Team observes third-order exceptional line in nitrogen-vacancy spin system

Researchers have systematically studied the relations between symmetries and high-order non-Hermitian exceptional points (EPs), and observed the third-order exceptional line (EL) in a nitrogen-vacancy (NV) spin system. The work is published in the journal Nature Nanotechnology.

EPs are singularities in non-Hermitian systems, where there are two or more eigenvalues and eigenstates coalesce. Many exotic topological phenomena and novel dynamic features occur thanks to the unique characteristics of EPs. EPs have played an essential role in understanding edge-cutting areas like quantum computing and topological phase transitions.

High-order EPs exhibit richer topological characteristics and better sensing performance than second-order EPs. However, realizing high-order EPs is rather difficult since it relies on the simultaneous tuning of multiple system parameters, and the higher the order of the EPs, the more system parameters must be tuned simultaneously, making the realization process challenging.

The research teams—led by Academician Du Jiangfeng and Prof. Rong Xing from CAS Key Laboratory of Microscale Magnetic Resonance of University of Science and Technology of China (USTC)—utilized a single NV center, an atomic-scale defect in diamond, and the nuclear spin system to realize the non-Hermitian systems that embrace both PT symmetry and pseudochirality. Furthermore, the experimental observation of third-order EL in two-dimensional parameter space was reported.

By systemically investigating the role of symmetry in high-order EP geometries, the researchers revealed that third-order EPs can exist as isolated points when there was only PT symmetry in the non-Hermitian Hamiltonian.

The researchers further explored the relationship between the third-order EPs and the symmetries of the non-Hermitian Hamiltonians. It turned out that there was no third-order EP when the non-Hermitian Hamiltonian had no symmetry, which highlights the importance of symmetries in studying the structure of high-order EPs.
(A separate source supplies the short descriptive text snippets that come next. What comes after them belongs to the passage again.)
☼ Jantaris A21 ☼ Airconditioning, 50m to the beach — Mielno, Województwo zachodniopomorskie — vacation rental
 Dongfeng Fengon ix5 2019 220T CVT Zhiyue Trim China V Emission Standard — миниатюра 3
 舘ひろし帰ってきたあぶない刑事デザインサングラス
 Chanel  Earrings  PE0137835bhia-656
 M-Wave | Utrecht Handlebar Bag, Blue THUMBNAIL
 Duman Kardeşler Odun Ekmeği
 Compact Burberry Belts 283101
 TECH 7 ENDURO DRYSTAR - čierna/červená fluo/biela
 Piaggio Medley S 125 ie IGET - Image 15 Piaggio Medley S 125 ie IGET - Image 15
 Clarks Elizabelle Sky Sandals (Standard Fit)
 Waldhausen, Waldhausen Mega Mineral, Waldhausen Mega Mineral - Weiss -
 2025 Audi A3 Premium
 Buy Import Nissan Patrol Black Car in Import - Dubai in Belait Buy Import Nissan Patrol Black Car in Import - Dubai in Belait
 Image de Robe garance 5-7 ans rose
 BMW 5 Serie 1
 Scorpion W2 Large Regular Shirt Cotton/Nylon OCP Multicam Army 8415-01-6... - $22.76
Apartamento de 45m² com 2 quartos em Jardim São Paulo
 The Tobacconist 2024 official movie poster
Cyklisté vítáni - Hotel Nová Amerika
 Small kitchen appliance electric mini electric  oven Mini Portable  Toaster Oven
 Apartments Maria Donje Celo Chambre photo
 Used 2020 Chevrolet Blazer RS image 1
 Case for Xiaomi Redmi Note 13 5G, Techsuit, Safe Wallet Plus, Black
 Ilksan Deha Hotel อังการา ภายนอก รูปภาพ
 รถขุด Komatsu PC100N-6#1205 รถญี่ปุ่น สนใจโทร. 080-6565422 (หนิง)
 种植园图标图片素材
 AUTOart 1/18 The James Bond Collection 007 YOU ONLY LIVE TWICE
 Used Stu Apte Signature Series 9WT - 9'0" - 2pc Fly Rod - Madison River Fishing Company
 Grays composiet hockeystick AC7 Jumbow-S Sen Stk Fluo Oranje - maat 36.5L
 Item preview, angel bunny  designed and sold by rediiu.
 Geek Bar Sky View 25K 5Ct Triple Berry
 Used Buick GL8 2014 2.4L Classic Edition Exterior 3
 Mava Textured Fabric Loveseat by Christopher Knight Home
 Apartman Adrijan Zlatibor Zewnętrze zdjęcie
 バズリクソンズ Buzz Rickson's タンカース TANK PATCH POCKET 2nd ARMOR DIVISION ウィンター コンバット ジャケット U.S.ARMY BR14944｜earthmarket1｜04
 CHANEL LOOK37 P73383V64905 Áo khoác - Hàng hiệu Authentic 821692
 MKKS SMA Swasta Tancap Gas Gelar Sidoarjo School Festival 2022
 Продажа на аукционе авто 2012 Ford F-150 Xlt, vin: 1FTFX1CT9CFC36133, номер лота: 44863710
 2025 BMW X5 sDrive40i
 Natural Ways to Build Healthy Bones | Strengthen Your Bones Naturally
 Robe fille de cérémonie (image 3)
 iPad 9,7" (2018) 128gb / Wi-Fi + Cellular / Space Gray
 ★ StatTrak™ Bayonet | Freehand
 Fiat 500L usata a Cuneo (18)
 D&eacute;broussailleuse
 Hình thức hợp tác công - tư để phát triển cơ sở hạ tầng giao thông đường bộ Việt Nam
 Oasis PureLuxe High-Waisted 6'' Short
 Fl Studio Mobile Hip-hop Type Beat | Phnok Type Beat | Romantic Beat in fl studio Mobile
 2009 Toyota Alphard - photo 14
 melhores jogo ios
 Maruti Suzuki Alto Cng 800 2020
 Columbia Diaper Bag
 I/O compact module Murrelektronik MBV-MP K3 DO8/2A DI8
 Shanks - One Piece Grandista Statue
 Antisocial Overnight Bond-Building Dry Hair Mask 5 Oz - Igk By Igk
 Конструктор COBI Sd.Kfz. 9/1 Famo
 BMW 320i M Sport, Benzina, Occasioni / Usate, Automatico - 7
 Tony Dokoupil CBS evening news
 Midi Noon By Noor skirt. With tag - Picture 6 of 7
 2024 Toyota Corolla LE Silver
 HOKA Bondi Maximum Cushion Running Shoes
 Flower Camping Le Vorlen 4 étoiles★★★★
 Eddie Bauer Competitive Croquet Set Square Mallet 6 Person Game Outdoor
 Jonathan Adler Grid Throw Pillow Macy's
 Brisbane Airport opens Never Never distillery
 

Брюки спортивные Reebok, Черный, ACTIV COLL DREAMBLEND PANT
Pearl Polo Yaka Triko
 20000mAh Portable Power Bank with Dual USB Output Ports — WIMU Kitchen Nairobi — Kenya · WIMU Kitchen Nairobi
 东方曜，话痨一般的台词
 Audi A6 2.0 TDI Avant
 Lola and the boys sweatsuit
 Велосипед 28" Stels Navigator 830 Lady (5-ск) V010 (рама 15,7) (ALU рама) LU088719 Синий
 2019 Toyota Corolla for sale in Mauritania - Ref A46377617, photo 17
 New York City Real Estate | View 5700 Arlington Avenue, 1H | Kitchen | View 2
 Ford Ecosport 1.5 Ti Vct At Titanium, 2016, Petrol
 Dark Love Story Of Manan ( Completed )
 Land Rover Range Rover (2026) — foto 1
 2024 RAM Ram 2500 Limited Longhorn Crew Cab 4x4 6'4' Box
It is worth mentioning that the successful observation of high-order EP geometries has benefited from the former studies in diamonds. Prof. Wang Ya, in particular, has been dedicated to synthesis and production of high-quality diamonds for many years, which has laid a solid foundation for this work.

This work is of fundamental importance to non-Hermitian studies. It can be further applied to explore high-order EP-related topological physics at the atomic scale and shed light on quantum control and quantum-enhanced metrology.